◆ **WHAT THIS TASK INVOLVES**
Restate, exactly as written, the entries below from the line that holds "Renault Clio Estate" through the line that holds "ขายที่ดินนครปฐม : ที่ดินสาย4กระทุ่มล้ม11วัดนครชื่นชุ่ม". Pictures are not part of the copy.
*** STUDY MATERIAL ***
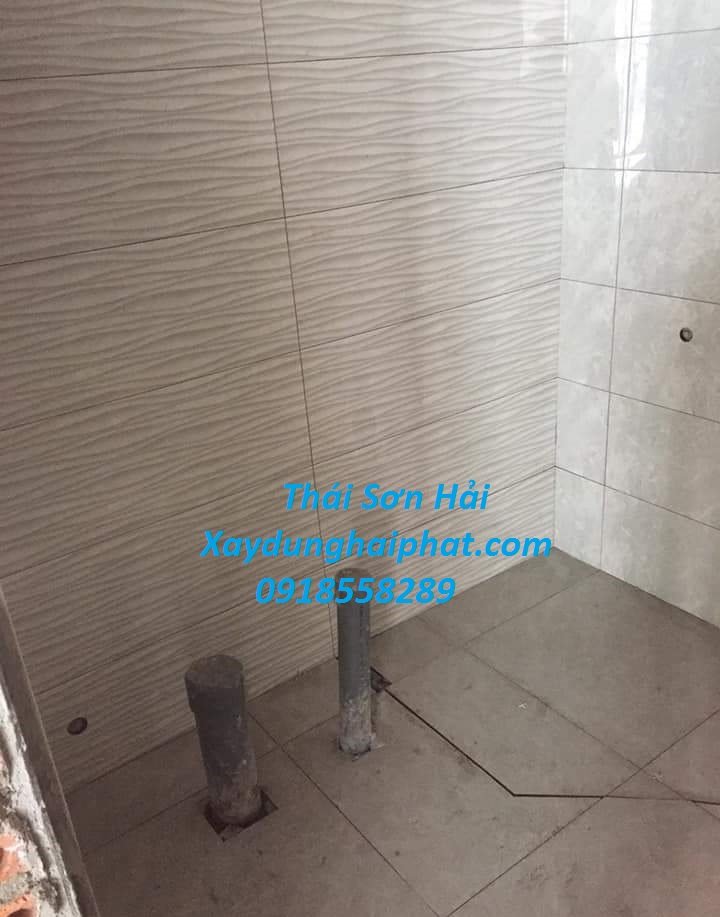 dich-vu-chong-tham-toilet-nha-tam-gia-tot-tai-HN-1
*** End of STUDY MATERIAL ***
*** STUDY MATERIAL ***
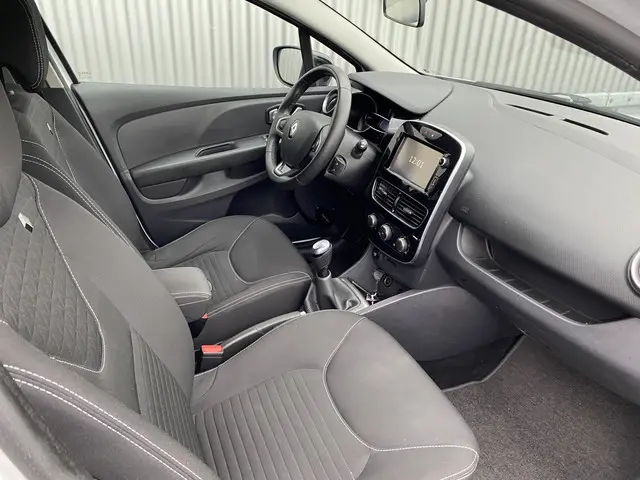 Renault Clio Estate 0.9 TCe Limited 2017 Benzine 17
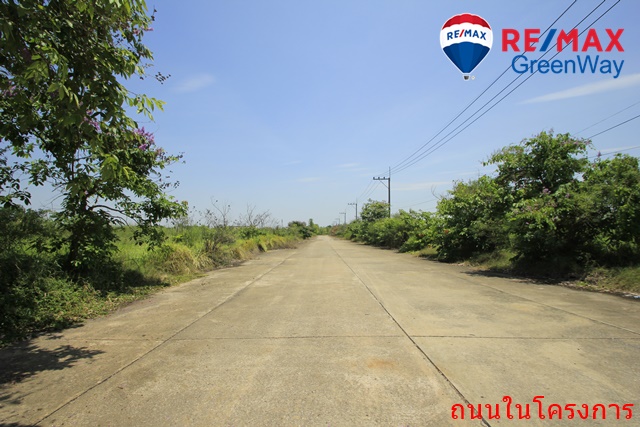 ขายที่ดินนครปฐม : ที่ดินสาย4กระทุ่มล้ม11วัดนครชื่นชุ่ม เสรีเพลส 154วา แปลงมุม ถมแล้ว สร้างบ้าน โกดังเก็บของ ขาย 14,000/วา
*** End of STUDY MATERIAL ***
*** STUDY MATERIAL ***
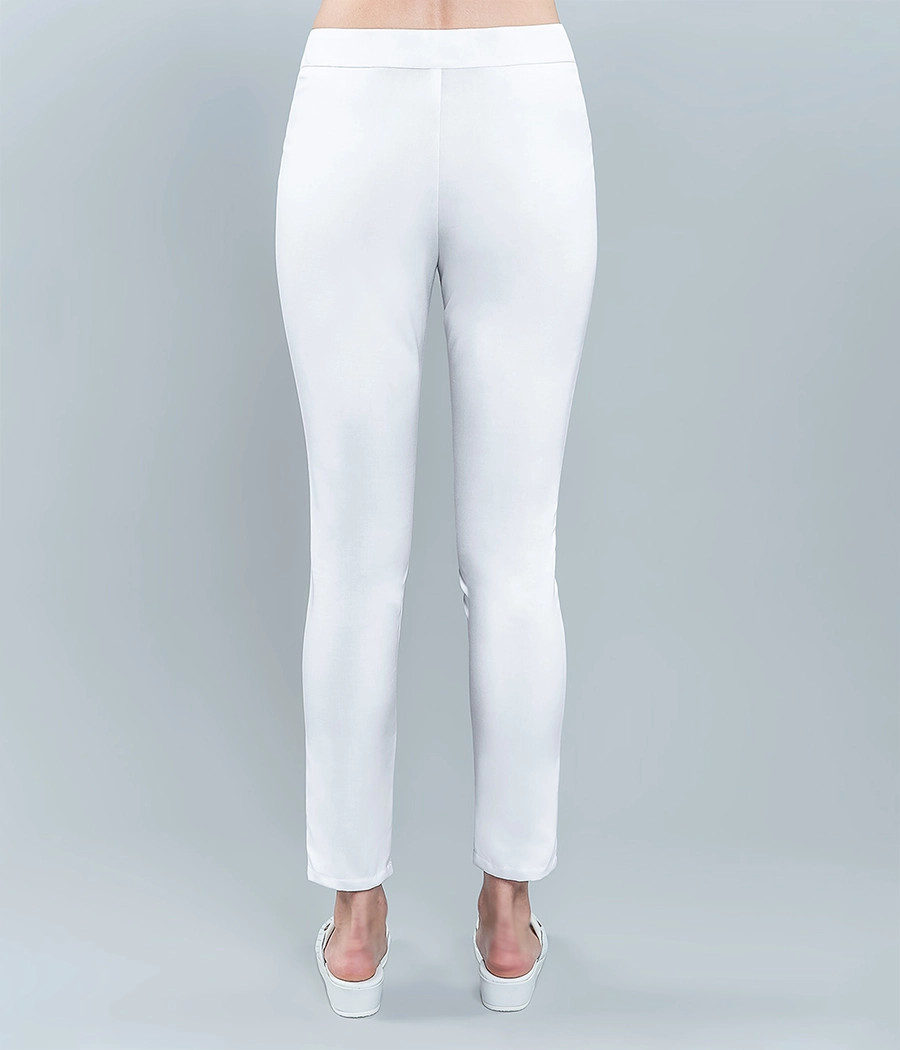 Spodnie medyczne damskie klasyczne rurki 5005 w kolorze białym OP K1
*** End of STUDY MATERIAL ***
◆ **RESPONSE**
 Renault Clio Estate 0.9 TCe Limited 2017 Benzine 17
 ขายที่ดินนครปฐม : ที่ดินสาย4กระทุ่มล้ม11วัดนครชื่นชุ่ม เสรีเพลส 154วา แปลงมุม ถมแล้ว สร้างบ้าน โกดังเก็บของ ขาย 14,000/วา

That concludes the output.